Caption-style text data:
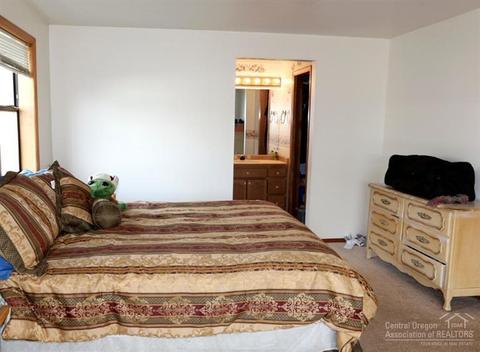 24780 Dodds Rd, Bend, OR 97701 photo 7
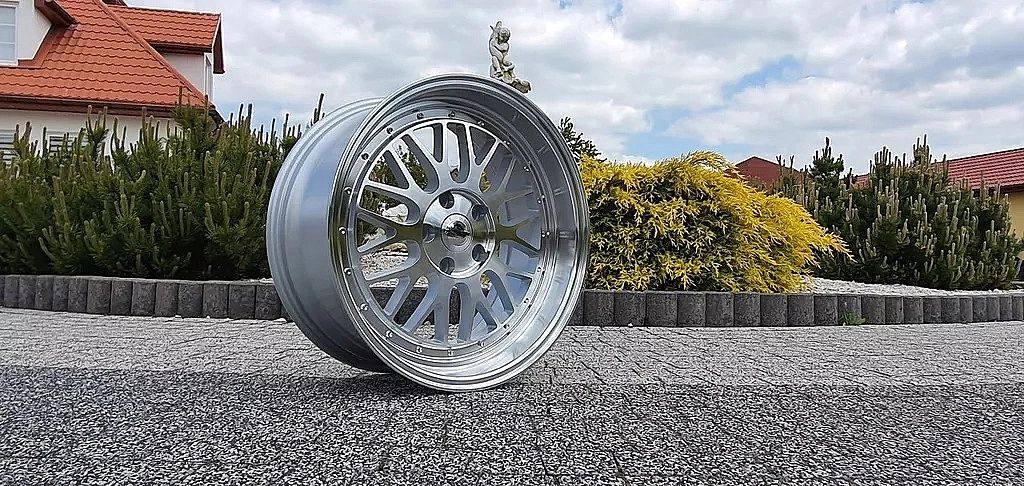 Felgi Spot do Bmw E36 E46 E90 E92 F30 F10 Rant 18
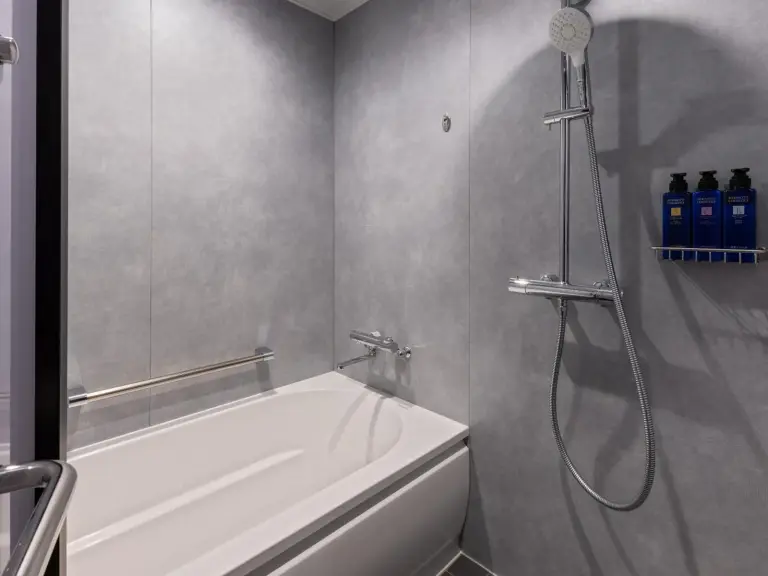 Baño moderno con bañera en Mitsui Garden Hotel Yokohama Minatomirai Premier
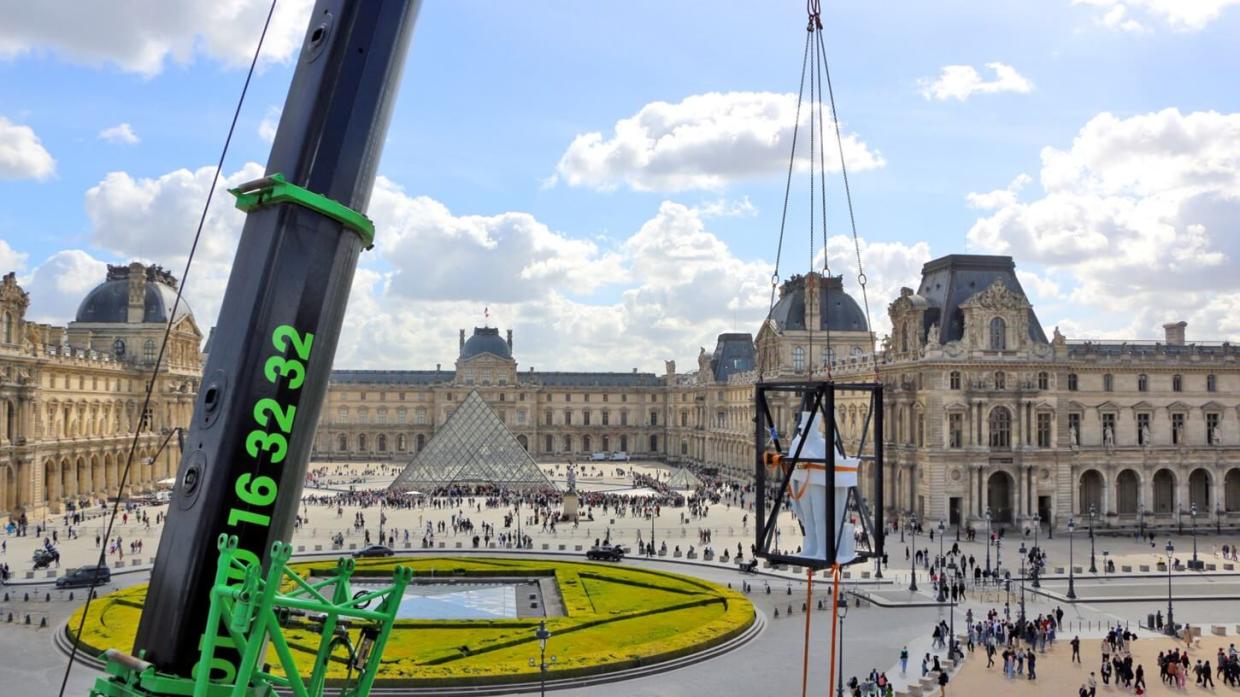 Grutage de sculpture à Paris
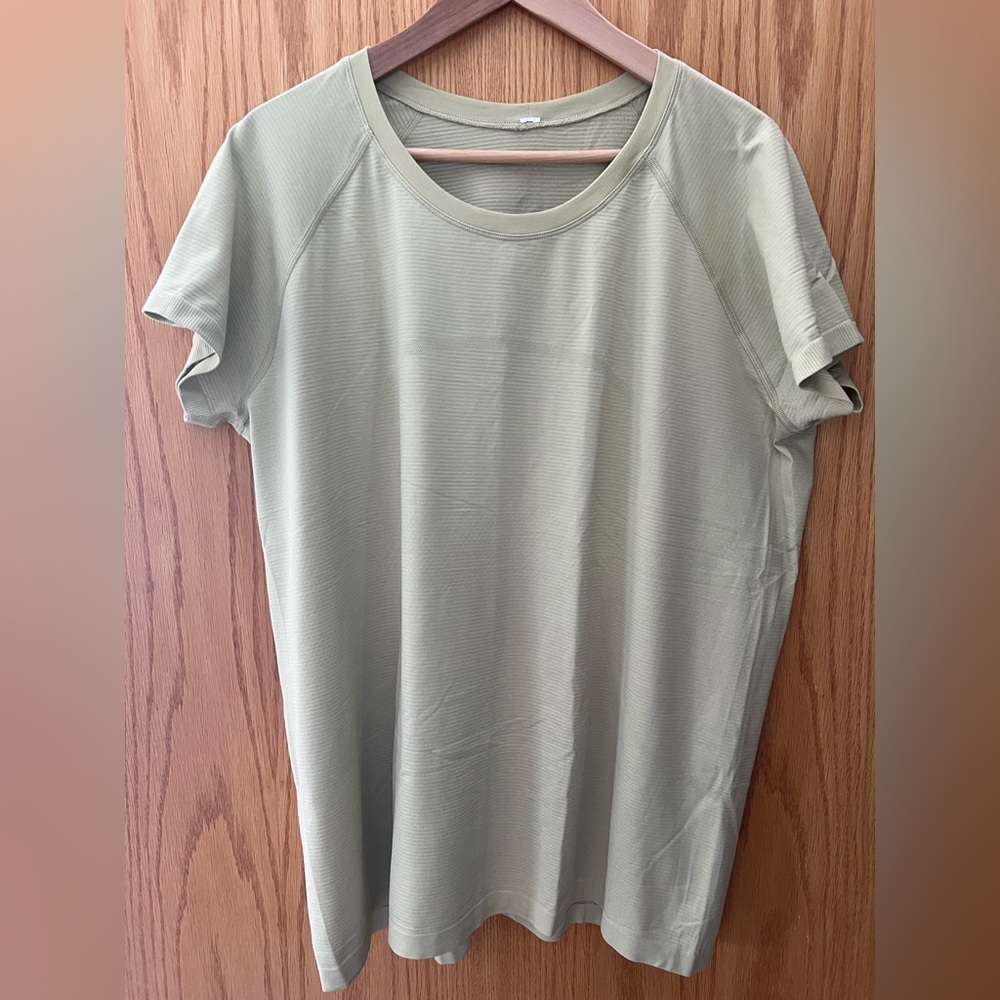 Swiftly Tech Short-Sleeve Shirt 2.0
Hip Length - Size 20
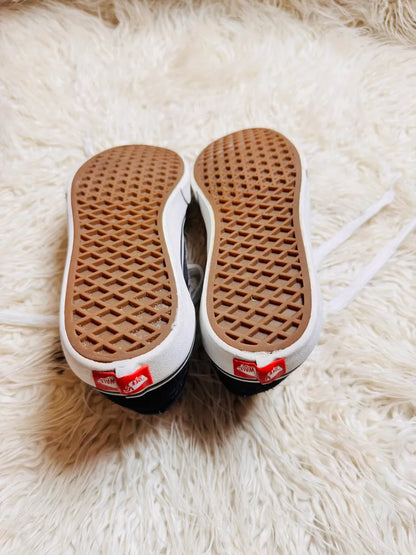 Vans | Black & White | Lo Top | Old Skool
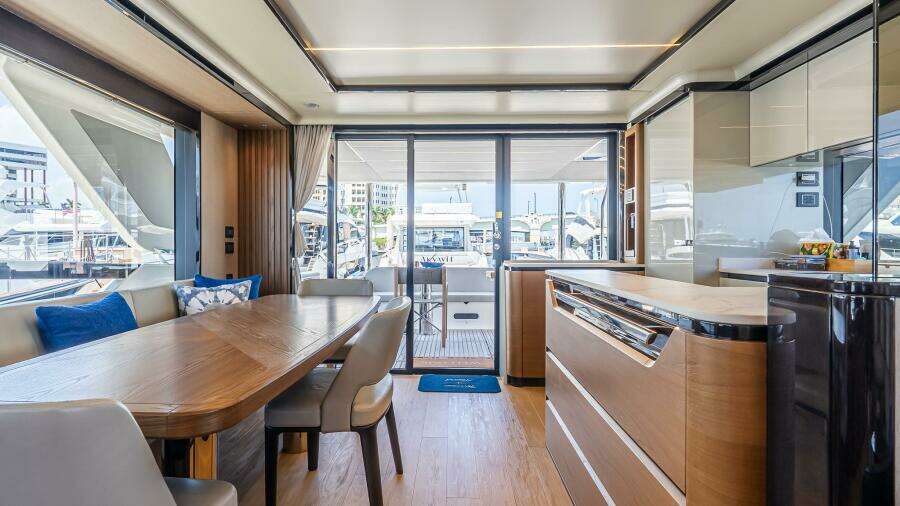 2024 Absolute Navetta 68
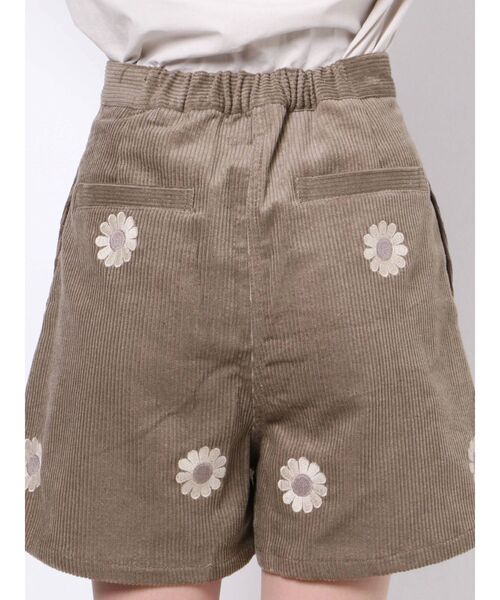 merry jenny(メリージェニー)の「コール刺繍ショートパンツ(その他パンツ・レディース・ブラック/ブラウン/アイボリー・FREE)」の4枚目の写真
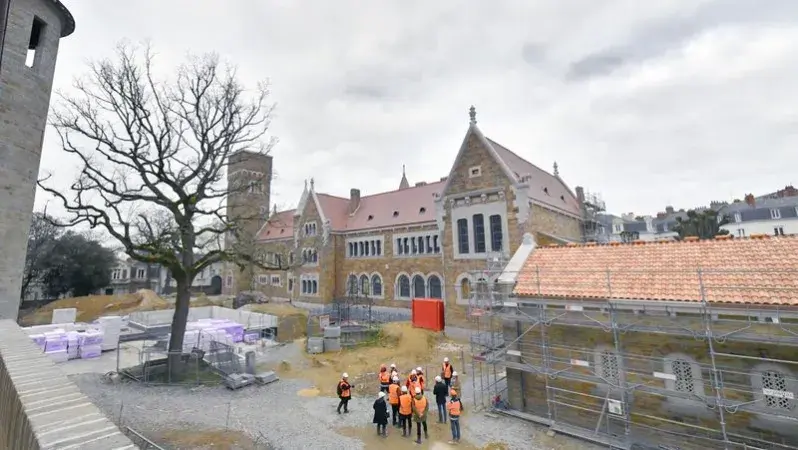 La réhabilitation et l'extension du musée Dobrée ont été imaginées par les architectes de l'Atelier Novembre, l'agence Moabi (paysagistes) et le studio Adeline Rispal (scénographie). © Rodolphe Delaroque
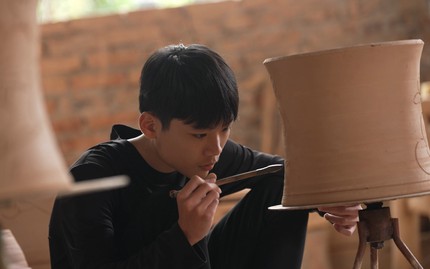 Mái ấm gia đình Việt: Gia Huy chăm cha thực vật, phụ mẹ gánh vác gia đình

**BRIEF**: Pictures are to be left out; the lines from the start of the records above through the line holding "Swiftly Tech Short-Sleeve Shirt 2.0" are to be returned exactly.

**REPLY TO THE TASK**:
 24780 Dodds Rd, Bend, OR 97701 photo 7
 Felgi Spot do Bmw E36 E46 E90 E92 F30 F10 Rant 18
 Baño moderno con bañera en Mitsui Garden Hotel Yokohama Minatomirai Premier
 Grutage de sculpture à Paris
 Swiftly Tech Short-Sleeve Shirt 2.0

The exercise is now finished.